Depending on the age, brand, model, and carrier (Verizon, AT&T, etc) you use, not all of these will work on your phone. Some require adding an app, many of which are free. Other functions may already be built into your phone. I don't want to list any particular apps because I can't check them all out personally and vouch for them But, everything on list list appeared on multiple references on the web, so they are well known.

If anything on this list catches your eye, check them out by just typing the name of the function in Google search, preceded by the word smartphone. You will find plenty of apps for both Android and Iphones listed. 

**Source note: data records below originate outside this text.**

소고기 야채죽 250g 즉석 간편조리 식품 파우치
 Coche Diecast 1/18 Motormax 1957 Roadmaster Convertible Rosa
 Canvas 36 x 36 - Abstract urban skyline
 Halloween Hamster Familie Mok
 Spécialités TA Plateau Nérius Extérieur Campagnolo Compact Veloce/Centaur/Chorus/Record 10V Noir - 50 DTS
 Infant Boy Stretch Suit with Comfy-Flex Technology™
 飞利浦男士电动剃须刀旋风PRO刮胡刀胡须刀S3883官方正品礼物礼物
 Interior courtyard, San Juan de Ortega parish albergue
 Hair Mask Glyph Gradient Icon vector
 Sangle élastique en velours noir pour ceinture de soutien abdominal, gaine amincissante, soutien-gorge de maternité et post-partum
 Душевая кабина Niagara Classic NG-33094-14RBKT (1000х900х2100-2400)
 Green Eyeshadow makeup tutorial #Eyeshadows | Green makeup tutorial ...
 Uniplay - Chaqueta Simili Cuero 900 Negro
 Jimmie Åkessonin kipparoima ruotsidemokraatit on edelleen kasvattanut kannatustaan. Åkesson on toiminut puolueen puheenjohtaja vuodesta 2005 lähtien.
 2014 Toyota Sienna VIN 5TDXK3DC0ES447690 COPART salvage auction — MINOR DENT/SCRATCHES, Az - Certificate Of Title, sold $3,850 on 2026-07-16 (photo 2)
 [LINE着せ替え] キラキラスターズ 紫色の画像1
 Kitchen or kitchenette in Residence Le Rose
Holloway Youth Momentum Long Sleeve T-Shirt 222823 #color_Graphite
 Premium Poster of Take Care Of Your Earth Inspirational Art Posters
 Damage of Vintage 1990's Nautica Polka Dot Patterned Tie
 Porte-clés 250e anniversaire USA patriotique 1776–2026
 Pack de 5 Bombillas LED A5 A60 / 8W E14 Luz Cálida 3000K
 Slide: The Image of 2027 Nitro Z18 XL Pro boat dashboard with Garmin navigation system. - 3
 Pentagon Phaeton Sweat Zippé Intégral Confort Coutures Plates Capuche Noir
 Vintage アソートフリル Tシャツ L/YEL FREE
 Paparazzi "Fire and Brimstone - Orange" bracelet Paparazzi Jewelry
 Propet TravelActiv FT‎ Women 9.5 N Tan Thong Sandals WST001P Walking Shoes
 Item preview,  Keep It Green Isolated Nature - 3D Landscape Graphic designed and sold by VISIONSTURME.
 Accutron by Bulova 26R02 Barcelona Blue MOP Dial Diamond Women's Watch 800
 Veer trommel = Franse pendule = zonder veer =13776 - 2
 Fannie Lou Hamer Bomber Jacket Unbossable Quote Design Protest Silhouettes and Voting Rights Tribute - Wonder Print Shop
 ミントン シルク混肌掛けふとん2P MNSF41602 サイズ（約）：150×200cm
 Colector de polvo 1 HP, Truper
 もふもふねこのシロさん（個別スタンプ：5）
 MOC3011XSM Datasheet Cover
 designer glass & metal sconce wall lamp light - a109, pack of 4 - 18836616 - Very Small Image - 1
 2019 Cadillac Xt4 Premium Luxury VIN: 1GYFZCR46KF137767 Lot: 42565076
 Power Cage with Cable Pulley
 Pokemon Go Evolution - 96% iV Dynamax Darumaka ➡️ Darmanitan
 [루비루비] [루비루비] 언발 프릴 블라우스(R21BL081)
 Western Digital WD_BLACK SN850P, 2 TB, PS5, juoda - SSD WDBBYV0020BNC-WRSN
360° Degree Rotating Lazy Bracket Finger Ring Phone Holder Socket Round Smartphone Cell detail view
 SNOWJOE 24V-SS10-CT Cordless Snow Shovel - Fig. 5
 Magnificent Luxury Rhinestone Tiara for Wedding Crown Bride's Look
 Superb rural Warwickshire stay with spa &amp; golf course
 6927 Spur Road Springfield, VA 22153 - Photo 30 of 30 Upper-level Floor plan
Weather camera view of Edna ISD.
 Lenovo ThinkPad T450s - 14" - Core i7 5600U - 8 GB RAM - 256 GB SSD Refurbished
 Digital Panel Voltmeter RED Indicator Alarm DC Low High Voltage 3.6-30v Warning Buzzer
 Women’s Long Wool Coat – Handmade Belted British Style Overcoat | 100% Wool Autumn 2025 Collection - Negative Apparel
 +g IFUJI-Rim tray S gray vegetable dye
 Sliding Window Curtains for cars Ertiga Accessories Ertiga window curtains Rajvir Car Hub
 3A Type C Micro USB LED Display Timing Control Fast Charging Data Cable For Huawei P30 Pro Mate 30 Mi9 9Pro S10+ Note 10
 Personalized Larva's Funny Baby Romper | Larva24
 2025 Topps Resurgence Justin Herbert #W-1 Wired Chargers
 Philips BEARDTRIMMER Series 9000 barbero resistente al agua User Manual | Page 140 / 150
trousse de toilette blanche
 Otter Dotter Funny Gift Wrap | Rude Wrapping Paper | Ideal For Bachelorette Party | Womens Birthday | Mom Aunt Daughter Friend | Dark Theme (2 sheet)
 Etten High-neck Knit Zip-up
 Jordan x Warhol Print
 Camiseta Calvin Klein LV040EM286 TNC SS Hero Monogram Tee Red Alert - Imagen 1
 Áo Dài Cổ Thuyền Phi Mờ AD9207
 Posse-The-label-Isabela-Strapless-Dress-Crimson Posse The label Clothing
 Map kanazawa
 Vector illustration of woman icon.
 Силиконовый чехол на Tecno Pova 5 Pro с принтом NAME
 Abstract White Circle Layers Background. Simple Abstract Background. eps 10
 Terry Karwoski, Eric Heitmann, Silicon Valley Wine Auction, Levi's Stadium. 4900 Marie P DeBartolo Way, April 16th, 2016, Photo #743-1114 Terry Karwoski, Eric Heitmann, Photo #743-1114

Some of these features require you to turn on that function. Again, the Internet is your friend. Search for what you want to do by typing in the function   followed by your phone model, like direct call samsung galaxy S6.

Manage your thermostat and control your home's lights

Monitor your heart rate

Speak a text, have it translated into words and sent.

Have an e-mail or text read to you.

Identify images

Measure speed, height, or distance of something

Find out why your check engine light is on

Identify song titles 

Visual voicemail

Block spam phone calls

Use camera as a magnifying glass

Snap a picture with the volume button

Use as a universal remote

Create a Wi-Fi hotspot

Barcode and QR code reader

Correct for color blindness

Use Data saver setting (can cut data use by 30%)

Quick launch the camera

Download booster (downloads large files much faster)

Direct call (put the phone to your ear and it dials the contact on the screen)

Split screen (2 windows open at once...sometimes called multi-tasking)

Leveler & compass

Distance finder

Send a mobile fax

Connect to a computer and use phone as an external hard drive

Transfer files wirelessly from phone to computer

I imagine there are all sorts of applications and special tricks you can share that are not listed above. Fabulous! Tell us what you use, or shortcuts you have found that make your day easier and more fulfilling.

If you don't have a smartphone, and don't want one, tell us why. Is it cost, complexity, no real need in your life? There are an estimated 120 million non-smartphones in use in the U.S. out of a total of over 320 million cellphones, so you are definitely not alone!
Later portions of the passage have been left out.